When speaking and writing in his native German, Beckmann made it clear that his intention was to let his art be his primary voice. As he remarked in his "Letter to a Woman Painter" written in 1948:

“To be sure it is an imperfect, not to say a foolish undertaking to try to put into words ideas about art in general, because, whether you like it or not, every man is bound to speak for himself and for his own soul.”

Beckmann's insistence on individual expression and story telling was a kind of time bomb for his students and colleagues, and his immense influence would appear in different places at different times. In the San Francisco Bay Area, artist David Park took his abstractions to the dump the same year that Beckmann visited. He had come to share the German's notion that abstraction had little left to say. Although Park did not study directly with Beckmann, his San Francisco exhibition must have electrified Park and those who later followed him to work in the "Bay Area Figurative Style."
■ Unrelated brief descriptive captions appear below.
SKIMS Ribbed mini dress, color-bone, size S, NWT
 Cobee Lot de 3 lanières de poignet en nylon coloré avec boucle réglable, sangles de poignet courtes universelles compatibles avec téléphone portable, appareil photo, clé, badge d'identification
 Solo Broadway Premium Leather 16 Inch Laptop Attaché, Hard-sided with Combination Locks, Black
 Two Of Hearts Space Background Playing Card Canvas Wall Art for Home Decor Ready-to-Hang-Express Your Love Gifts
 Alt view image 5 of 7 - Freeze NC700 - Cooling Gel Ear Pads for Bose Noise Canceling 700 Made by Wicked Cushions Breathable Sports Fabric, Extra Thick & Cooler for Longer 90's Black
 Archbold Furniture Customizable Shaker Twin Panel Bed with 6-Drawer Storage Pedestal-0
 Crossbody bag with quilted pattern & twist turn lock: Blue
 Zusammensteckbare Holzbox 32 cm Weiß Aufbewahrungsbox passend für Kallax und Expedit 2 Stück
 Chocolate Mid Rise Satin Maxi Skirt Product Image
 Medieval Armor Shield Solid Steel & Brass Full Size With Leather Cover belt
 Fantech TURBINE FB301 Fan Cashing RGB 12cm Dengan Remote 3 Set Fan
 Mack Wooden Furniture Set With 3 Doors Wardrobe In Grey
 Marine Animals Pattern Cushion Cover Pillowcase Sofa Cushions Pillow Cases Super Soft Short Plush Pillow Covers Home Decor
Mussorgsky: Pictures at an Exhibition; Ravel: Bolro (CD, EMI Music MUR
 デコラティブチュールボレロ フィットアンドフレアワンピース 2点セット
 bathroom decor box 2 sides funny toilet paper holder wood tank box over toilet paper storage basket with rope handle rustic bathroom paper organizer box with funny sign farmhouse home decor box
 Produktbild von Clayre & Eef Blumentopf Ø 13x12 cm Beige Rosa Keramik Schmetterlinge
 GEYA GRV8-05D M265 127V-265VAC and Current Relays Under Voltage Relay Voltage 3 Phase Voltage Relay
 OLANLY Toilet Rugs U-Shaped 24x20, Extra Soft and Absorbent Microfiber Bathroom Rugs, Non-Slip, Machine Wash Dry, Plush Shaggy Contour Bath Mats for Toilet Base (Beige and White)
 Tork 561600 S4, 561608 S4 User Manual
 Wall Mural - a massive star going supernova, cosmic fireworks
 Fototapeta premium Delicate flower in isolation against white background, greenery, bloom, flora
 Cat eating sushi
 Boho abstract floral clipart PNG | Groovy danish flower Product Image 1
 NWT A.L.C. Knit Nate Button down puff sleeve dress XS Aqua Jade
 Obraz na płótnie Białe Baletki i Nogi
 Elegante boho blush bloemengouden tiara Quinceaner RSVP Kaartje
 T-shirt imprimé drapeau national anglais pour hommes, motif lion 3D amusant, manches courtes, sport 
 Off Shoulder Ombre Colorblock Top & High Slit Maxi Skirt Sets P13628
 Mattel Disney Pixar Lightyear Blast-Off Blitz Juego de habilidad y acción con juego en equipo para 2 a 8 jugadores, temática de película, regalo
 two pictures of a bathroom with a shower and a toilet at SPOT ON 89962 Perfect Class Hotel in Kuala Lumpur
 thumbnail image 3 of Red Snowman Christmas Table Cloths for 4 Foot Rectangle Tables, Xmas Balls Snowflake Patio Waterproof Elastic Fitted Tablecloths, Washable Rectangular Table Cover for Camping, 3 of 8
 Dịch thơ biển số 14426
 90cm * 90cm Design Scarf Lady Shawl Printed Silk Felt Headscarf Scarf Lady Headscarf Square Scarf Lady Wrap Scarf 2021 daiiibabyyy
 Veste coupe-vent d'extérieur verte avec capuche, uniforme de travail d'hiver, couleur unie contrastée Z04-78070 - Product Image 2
Philip Guston, saw Beckmann's traveling exhibition, and then was replaced by Beckmann during his sabbatical leave from the University of Washington in 1948-49. Guston would go on to build his reputation in the 1950's on a group of painterly abstractions. Yet, when the crisis of Viet Nam blossomed in the late 1960's Guston would return to figurative painting. Guston's haunting visions of history warped by conspiracy and shame suggest that Beckmann's view of the artist as one who can expose life's dark spaces had affected him . It was as if the ghost of Beckmann had whispered in his ear:

"Art resolves through form the many paradoxes of life, and sometimes permits us to glimpse behind the dark curtain which hides the spaces unknown... "



Philip Guston, demonstrating at the University of Washington 1945



Guston's painting "The Studio" 1969

Guston took immense heat for his figurative paintings which at first seemed a betrayal to his Abstact Expressionist friends , but within ten years Guston's tough artistic stance, which critic Hilton Cramer had belittled in his article "A Mandarin Pretending to be a Stumblebum" became the crucial starting point for a new generation of figurative artists on the East Coast.

Jack Bice, later a painting instructor at the State Unversity of New York, College at Buffalo, would teach some of these artists including Cindy Sherman and Robert Longo. On the West Coast, Nathan Oliveira, Elmer Bischoff, Joan Brown and others would become preeminent teachers all of them relying on the figurative means of revealing inner states.

Although it has been over fifty years since his encounter with Beckmann, Nathan Oliveira still feels the impact of his presence. Mari Lyons does too: she says:

"Once you saw him, you could never forget him."

Oliveira recalls:

"He came to me, and because I was painting the figure, he would simply say "Goot" and then encouraged me to press forward."

For students who were able to find their was past Beckmann's reserve, the reward was the discovery of a man free of posturing and hypocrisy. It was pure oxygen to them. With his gravity, his pride, and his ability to dream, Max Beckmann was America's most powerful teachers of art, and in a remarkable way his poor grasp of English was part of his power.

He didn't have to tell his students who he was. His paintings, his presence, and a few choice words could say it all.